Fortunately for Wingårdh's clients, he and colleagues Karin Wingårdh, Danuta Nielsen, and Joakim Lyth found a way to make the project work within the community's guidelines. They did it by blasting out part of the rocky, sloped site and embedding the house into centuries-old layers of granite. Because the craggy, cottage-dotted landscape stretches out to the north, east, and south, they designed a V-shaped floor plan for sight lines in every direction. “The plan was dictated by the site, by where the nice views are and to avoid disturbing the views from other houses,” Wingårdh says. By nestling the open end of the “V” into the hillside and tapering the rooflines according to the slope of the land, they eked out enough vertical space for three stories—a top-floor office loft, a main level, and a below-grade bedroom level. Nowhere on the site does the home rise more than one floor above the ground level at that particular spot, so technically the project conforms to the single-story requirement. “It was sort of bending the rules,” Gert Wingårdh admits. Their maneuverings also led to the home's most striking feature: the naturally occurring walls of rock that penetrate the master bathroom and lounge.

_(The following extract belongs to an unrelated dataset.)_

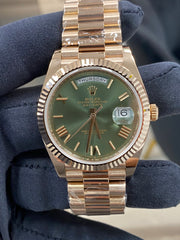 Rolex Day-Date 40 228235 Card 2021 SOLD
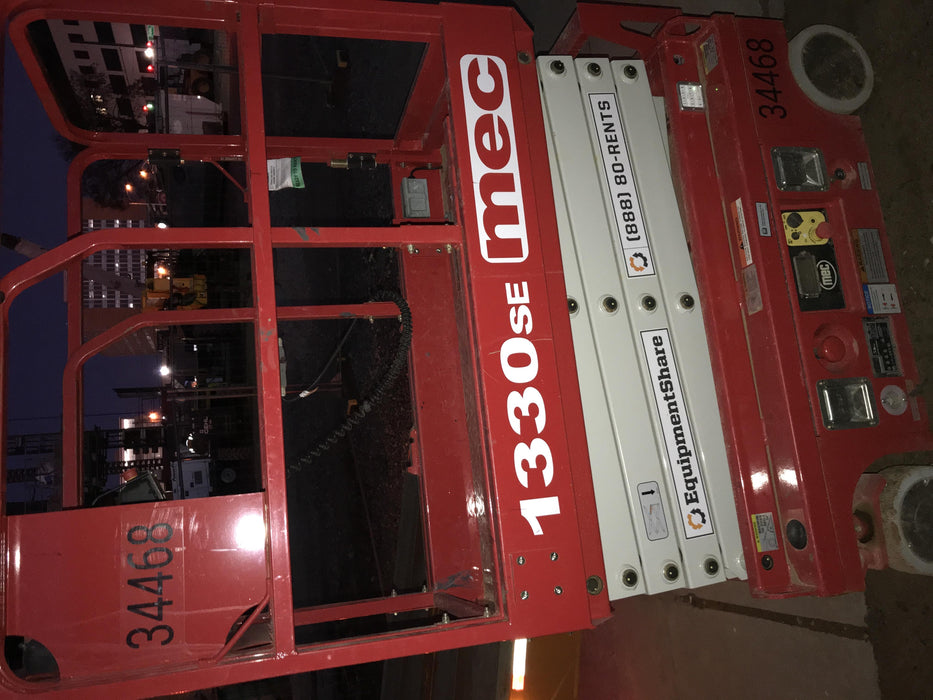 2019 MEC 1330SE Motion Alarm, Beacon, Includes MachineLink keypad and telematics device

Such a rugged setting required an equally strong structure, so Wingårdh chose concrete for the house's frame. Lightweight, watertight foam glass insulation retains heat during the frigid Swedish winters, and a coat of plaster over it provides extra durability. Pre-patinated velvety black copper shingles clad the building. A ring of crushed limestone surrounds the foundation to neutralize any copper ions contained in the runoff from rain and snowstorms. Inside, radiant heat keeps the locally grown ash floors toasty, and carefully placed windows let precious sunlight pierce deep into each room.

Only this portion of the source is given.